**What this task involves:** All of the data that follows should be given again exactly, without its images.

(Image-caption web data)
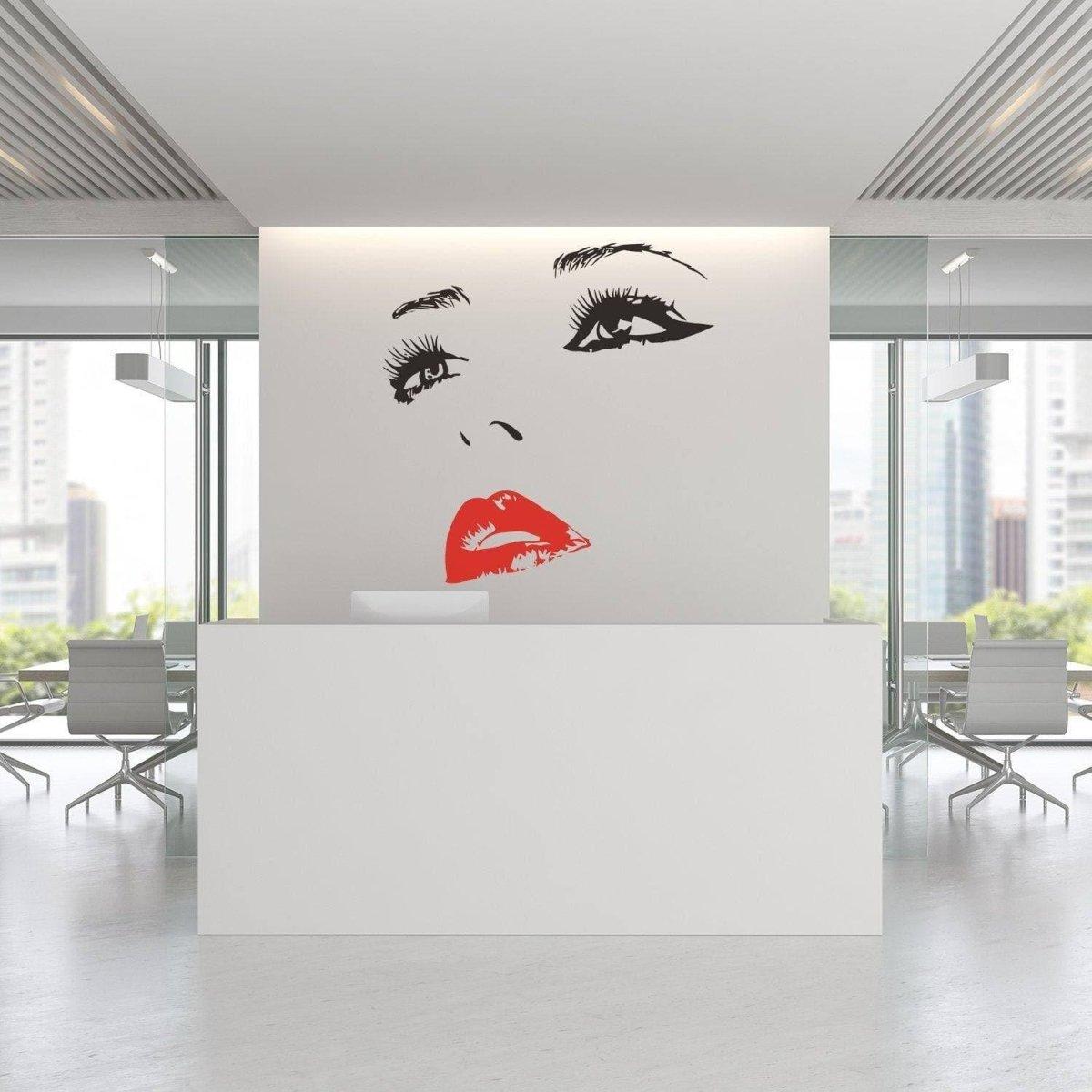 Elegant woman face wall decal in modern office with red lips, enhancing the interior decor with charm.
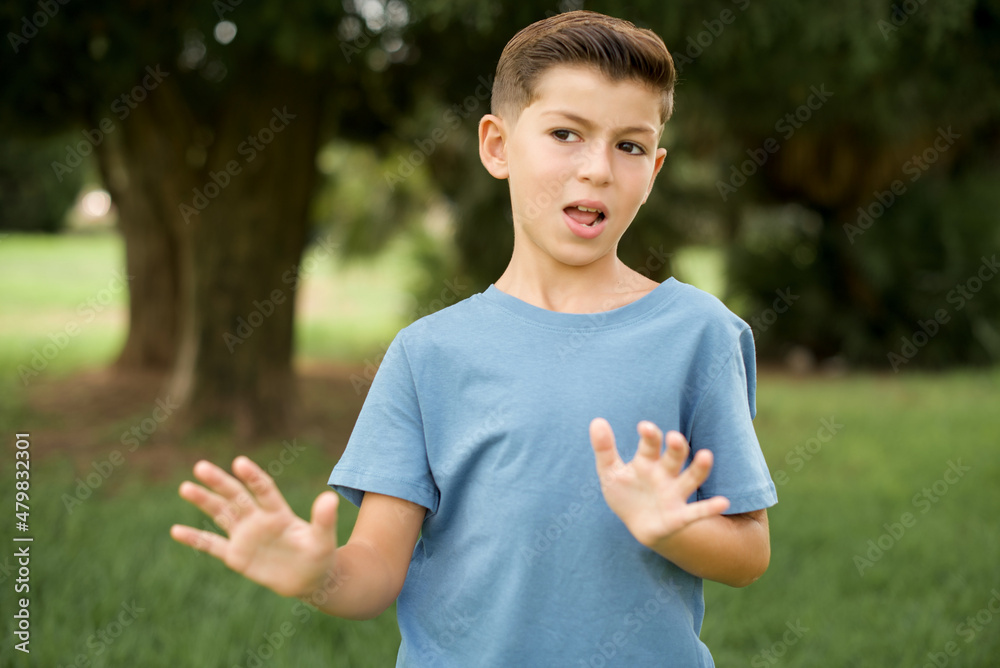 Caucasian little kid boy wearing blue T-shirt standing outdoor afraid and terrified with fear expression stop gesture with hands, shouting in shock. Panic concept. Caucasian little kid boy wearing blue T-shirt standing outdoor afraid and terrified with fear expression stop gesture with hands, shouting in shock. Panic concept.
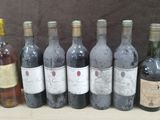 several bottles of wine are lined up in a row on a table
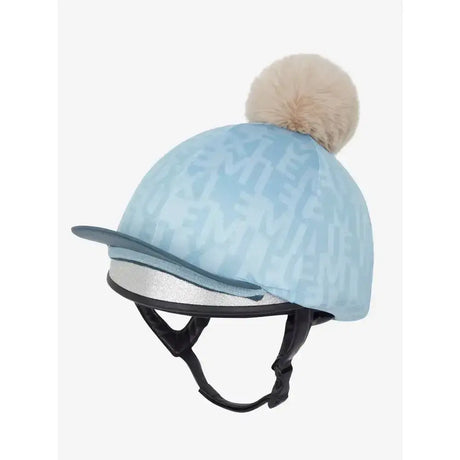 Light blue velvet lemieux casey hat silk glacier with subtle pattern and beige pom-pom on top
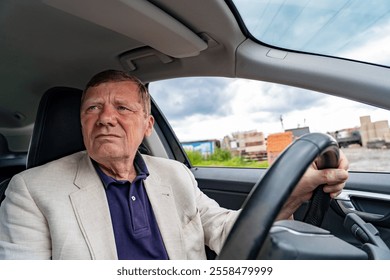 An older man in a suit sits in the driver's seat, gazing thoughtfully out the window at a developing industrial setting on a cloudy day - Powered by Shutterstock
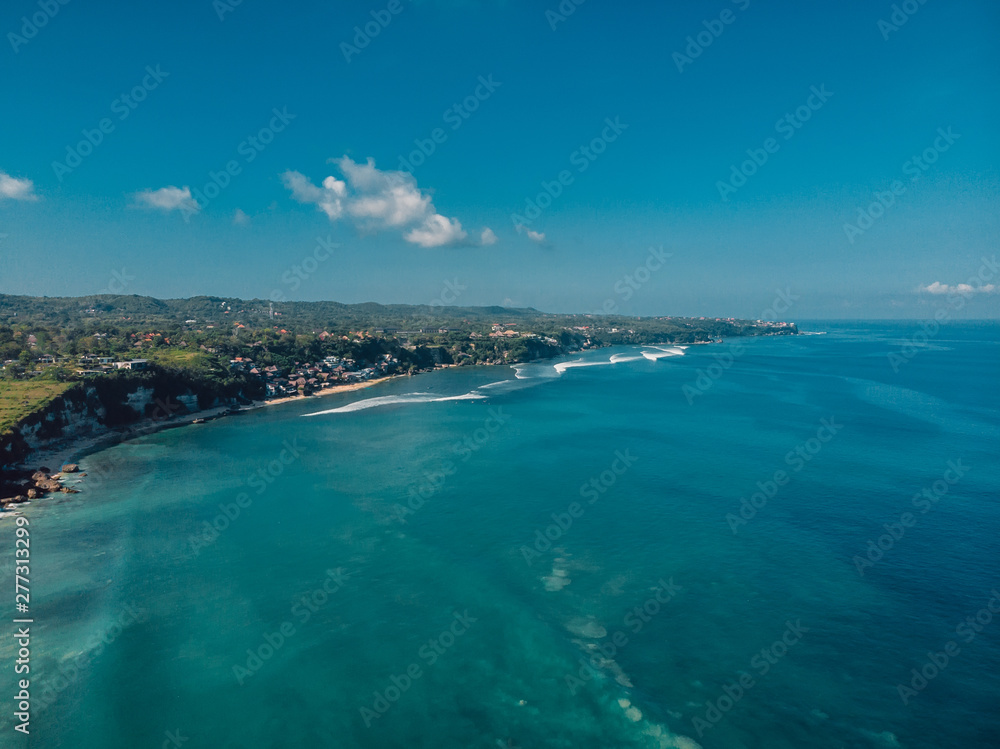 Aerial view of coastline with tropical beach and blue ocean in Bali Aerial view of coastline with tropical beach and blue ocean in Bali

**Result below:**
 Elegant woman face wall decal in modern office with red lips, enhancing the interior decor with charm.
 Caucasian little kid boy wearing blue T-shirt standing outdoor afraid and terrified with fear expression stop gesture with hands, shouting in shock. Panic concept. Caucasian little kid boy wearing blue T-shirt standing outdoor afraid and terrified with fear expression stop gesture with hands, shouting in shock. Panic concept.
 several bottles of wine are lined up in a row on a table
 Light blue velvet lemieux casey hat silk glacier with subtle pattern and beige pom-pom on top
 An older man in a suit sits in the driver's seat, gazing thoughtfully out the window at a developing industrial setting on a cloudy day - Powered by Shutterstock
 Aerial view of coastline with tropical beach and blue ocean in Bali Aerial view of coastline with tropical beach and blue ocean in Bali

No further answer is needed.